Mark suggested that the church leadership ought not to "bury its head in the sand". Yes, I agree, but if the price of being in tune with contemporary mores is that we dispense with aspects of the Christian tradition that non-churchgoers find unpalatable then I consider that to be a price too high to pay. In addition, it is profoundly disrespectful to those historical figures who, under threat of death, refused to give up those aspects of the Anglican faith that their society found to be unpalatable.
It is time for the C of E to have a leader who is more in tune with modern life. Even if you don't believe that there should be divorce, homosexuality or women clergy they are a fact of life and the vast majority of the population will not be encouraged by a church that buries its head in the sand and ignores them.
As an Anglican Franciscan, I welcome the appointment of the new archbishop at the same time as congratulating his predecessor for his valuable service. Which one of our bishops is chosen really doesn't matter to me. He will have good, indifferent and bad qualities, - the same as every other human. He will have things to say that I agree with and things that I disagree with. All I require is that he believes there is a Creator and shows his care for his fellow human beings, and tries to follow the teachings of Jesus. Its only the media that cares whether he's charismatic or not, what his political views are or how many bums on seats there are in church each week.

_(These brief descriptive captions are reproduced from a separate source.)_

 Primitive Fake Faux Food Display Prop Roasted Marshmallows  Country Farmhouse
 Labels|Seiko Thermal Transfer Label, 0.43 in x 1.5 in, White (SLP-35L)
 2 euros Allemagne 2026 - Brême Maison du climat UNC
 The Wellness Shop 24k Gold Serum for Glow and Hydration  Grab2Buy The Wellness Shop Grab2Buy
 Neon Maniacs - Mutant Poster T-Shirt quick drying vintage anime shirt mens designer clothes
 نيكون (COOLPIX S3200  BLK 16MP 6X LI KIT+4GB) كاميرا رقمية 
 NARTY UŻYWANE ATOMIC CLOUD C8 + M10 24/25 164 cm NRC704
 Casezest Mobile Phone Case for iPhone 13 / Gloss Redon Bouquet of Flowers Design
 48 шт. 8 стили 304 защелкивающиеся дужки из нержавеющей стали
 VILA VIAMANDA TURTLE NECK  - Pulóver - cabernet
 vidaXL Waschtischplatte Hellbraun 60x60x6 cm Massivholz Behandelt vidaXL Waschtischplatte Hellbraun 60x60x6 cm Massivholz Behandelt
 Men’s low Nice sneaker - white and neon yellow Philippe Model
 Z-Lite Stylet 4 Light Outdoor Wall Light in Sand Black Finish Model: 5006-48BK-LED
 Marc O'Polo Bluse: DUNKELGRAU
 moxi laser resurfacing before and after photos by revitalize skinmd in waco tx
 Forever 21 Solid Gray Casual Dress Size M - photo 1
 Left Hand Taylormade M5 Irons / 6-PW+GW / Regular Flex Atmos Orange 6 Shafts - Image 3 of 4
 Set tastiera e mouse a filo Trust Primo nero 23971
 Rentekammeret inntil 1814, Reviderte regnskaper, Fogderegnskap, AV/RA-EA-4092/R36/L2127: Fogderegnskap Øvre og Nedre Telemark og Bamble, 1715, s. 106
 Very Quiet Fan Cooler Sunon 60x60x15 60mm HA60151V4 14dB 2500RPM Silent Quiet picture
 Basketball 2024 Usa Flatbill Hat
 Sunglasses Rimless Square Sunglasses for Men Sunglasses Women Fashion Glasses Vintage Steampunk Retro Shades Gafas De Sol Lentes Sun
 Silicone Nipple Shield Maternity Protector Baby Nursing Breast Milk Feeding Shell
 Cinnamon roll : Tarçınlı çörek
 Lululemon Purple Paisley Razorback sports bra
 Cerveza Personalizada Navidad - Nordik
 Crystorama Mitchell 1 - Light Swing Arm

Putting bums on seats in Anglican churches should not be the new archbishop's main concern. Surely the function of the Church of England, as per its historical and biblical foundations, should be to teach the Bible faithfully, intelligently and accurately to the congregation, and to hold out the claims of Jesus Christ to unbelievers. A vicar would surely be happier with a church of ten committed Christians, engaged in serving the church and sharing Christ with their friends and family, than with one of fifty or so nominal churchgoers attracted by a "modern" style and issues-focused content.
Please be careful about words like 'liberal' when referring to Dr Williams. At the last Lambeth Conference, observers from the Orthodox churches found him to be deeply theologically orthodox as well as challenging. Maybe the word to be used should be prophetic in that he challenges the cosy assumptions of 'conservatives' and makes people ask questions about their own integrity. Dr Carey was a great man for holding together the Anglican Communion, and his support for the church in Sudan was heroic: I think Dr Williams will hold the Church of England together and challenge the smugness of all of us.
After reading the article about the soon to be appointed Archbishop of Canterbury, one wonders why this person when the world is in such turmoil?
I always knew you Brits were liberal, but he's even more so than Phil Donahue and that's pretty bad.